Providing care for a greater length of time was also associated with the caregiver having more depressive symptoms. A CESD‐10 score of more than or equal to 8 is often used to indicate a positive screening for depressive symptoms; PCAFC caregivers reported a mean CESD‐10 score of 8.4 (median 7, IQR 4‐12), suggesting a clinically significant level of depressive symptoms in this population. Moreover, an increased length of time as a caregiver was also associated with higher financial strain in PCAFC caregivers. Caregivers in PCAFC also face challenges providing care focused on the supervision and protection of Veterans with mental health and/or neurological disorders.20 Caregivers providing this type of care typically focus on providing emotional support, safety, assistance with the management of serious mental illnesses, and sleep disorders, among others, for the Veteran. Caregiver depressive symptoms and burden have been documented to be higher when caring for a Veteran compared with a civilian.2, 7 Given the higher levels of depressive symptoms at baseline exacerbated by the expectation of prolonged caregiving duration, there is considerable need for longitudinal research to understand the ramifications of intensive, long‐term caregiving on caregiver depressive symptoms, and financial well‐being.

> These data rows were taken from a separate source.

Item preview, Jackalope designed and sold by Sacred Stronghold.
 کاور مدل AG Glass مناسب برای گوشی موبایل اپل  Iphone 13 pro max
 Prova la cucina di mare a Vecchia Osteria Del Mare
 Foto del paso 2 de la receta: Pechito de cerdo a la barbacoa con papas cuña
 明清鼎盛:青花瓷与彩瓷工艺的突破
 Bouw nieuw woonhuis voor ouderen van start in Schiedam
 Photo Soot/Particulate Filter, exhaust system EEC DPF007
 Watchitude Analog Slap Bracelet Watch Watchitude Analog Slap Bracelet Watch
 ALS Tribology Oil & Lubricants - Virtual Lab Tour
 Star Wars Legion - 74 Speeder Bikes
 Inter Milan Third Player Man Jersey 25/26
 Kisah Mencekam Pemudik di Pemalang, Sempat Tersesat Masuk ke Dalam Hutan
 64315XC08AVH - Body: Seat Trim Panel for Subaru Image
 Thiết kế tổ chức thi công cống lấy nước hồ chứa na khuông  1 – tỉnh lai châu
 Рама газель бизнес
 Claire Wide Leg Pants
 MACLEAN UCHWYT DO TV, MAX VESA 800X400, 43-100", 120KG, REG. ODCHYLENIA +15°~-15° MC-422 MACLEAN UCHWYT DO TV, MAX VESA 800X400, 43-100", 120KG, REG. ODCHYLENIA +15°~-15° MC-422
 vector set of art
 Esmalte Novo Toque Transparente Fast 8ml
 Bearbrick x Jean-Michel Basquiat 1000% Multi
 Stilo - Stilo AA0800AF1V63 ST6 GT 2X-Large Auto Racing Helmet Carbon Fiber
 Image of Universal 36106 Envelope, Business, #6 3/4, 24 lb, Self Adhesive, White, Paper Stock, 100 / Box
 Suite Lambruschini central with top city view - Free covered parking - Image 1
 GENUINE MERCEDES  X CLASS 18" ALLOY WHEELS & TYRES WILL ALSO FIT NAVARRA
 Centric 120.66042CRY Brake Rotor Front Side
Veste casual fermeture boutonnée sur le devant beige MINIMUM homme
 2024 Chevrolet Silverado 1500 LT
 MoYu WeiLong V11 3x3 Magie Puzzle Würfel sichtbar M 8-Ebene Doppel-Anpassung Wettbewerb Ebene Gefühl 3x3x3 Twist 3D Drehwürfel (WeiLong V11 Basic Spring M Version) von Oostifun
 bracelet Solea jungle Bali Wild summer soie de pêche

Finally, we found that caregiver rating of the Veterans' health status as “Fair” or better was strongly associated with better caregiver well‐being outcomes examined, ie, fewer depressive symptoms, lower perceived financial strain, higher global rating of satisfaction with VHA care, and “Good” or better self‐reported health. This finding reinforces the need for interventions, which target the caregivers of Veterans who report that the Veterans' health status is “Poor/Fair.” While using a global measure of satisfaction does not allow us to differentiate across specialties, it provides useful perception of quality of VA care from caregivers of medically complex patients who may be coordinating the Veterans' health care across a variety of specialties. The lower satisfaction with the global quality of VA health care rating highlights warrants future research to identify what experiences are driving these lower satisfaction scores. To add context, the mean satisfaction score of 6.36 out of 10 observed in the responding caregivers is substantially lower than the mean satisfaction score of Veterans in the VHA overall, which was 8.6 according to calculations using the 2013 VHA Customer Satisfaction Report.21
This analysis has several limitations. First, the single‐group, cross‐sectional design of the analysis precludes reaching conclusions about causality. We do not have a control group to which we can compare well‐being outcomes among those not participating in PCAFC. Second, this analysis is subject to self‐selection bias of those who completed surveys compared with those who did not return the survey. The response rate was low, with only approximately 9% of caregivers included in the analysis. Self‐selection bias coupled with the low response rate limits generalizability of results and could under‐represent certain populations less likely to participate in the survey, eg, those with mental or physical health issues. In a project interviewing similar respondents, declined participation was often because of lack of time to participate due to caregiving demands. Thus, results could overestimate caregiver health and well‐being by missing the responses of more intensive caregivers. We were unable to perform nonrespondent analyses to determine whether the sample represents the larger population. In September 2015, PCAFC enrollees included 28.6% in tier 1 (the lowest stipend), 38.7% in tier 2, and 32.8% in tier 3 (the highest stipend). While these proportions roughly correspond with the descriptive statistics by tier in our cohort, we cannot compare respondents and nonrespondents by other metrics. Third, this analysis also does not consider other caregiving demands, such as childcare or caring for aging parents. Fourth, while we control for length of time a caregiver has been a caregiver, we are unable to control for length of time a caregiver has been in PCAFC because of data quality limitations. Fifth, the goodness of fit tests suggest the linear models explain a small percent of the variation around the mean and the logistic regression has mediocre predictive accuracy. Finally, we rely on self‐reported outcomes, including caregiver report of Veteran's health status. Future research should take into consideration how Veteran's health status is categorized, as caregiver‐reported Veteran health status may not correspond with the Veteran's health status documented in the medical record. A Veteran with many comorbidities documented in the medical record may not necessarily be categorized as being in “Poor” health by his/her caregiver.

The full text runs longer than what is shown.